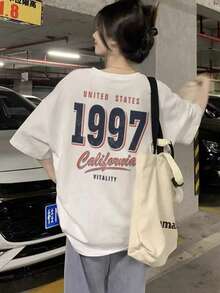 Japanese Style Women's Loose Round Neck Casual Versatile Numeric & Letter Print Short Sleeve T-Shirt, Spring/Summer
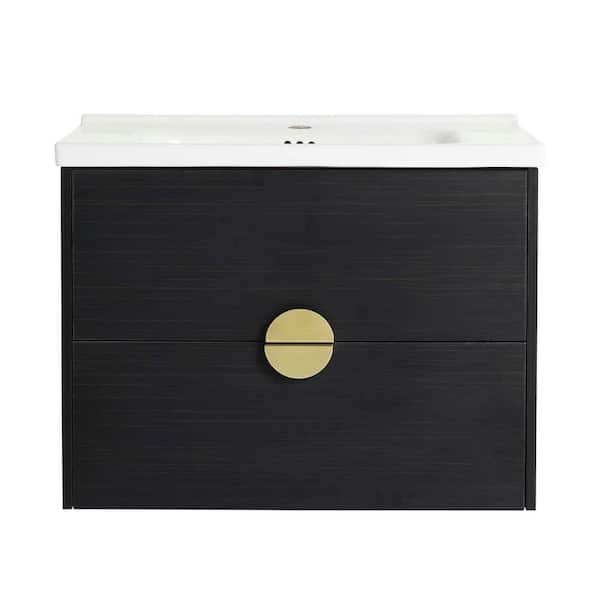 FUNKOL 28 in. Wall-Mounted Plywood Black Bathroom Cabinet with 1 White ...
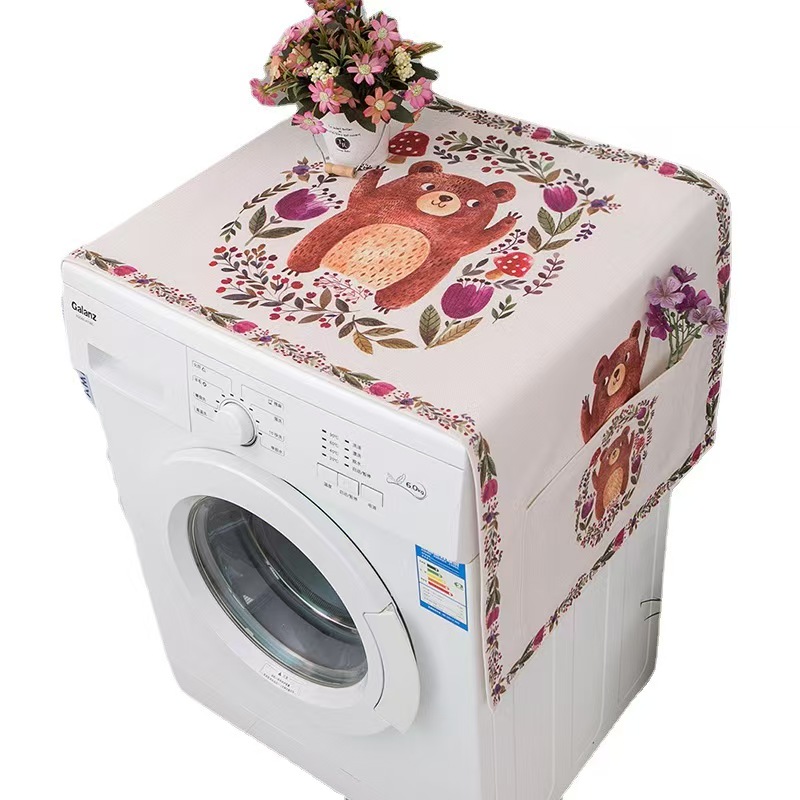 Non-slip Flowers Floral Washing Machine Top Mat Washer Top Protector for Laundry Kitchen Home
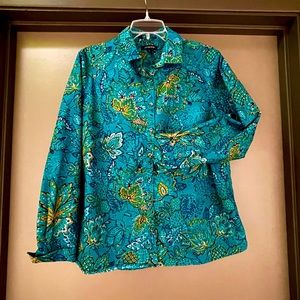 Teal & Yellow Gold Paisley Button Down Shirt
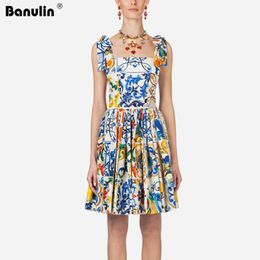 Runway Vrouwen Zomer Jurk Boog Spaghetti Backless Blauw en Wit Porselein Bloemenprint Mini Jurk Vestido Mujer Verano1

**Exercise goal:** Repeat the line containing "Teal & Yellow Gold Paisley Button Down Shirt" and every line after it up to the end of the material above, exactly as they stand, minus the pictures.

**Problem solution:**
 Teal & Yellow Gold Paisley Button Down Shirt
 Runway Vrouwen Zomer Jurk Boog Spaghetti Backless Blauw en Wit Porselein Bloemenprint Mini Jurk Vestido Mujer Verano1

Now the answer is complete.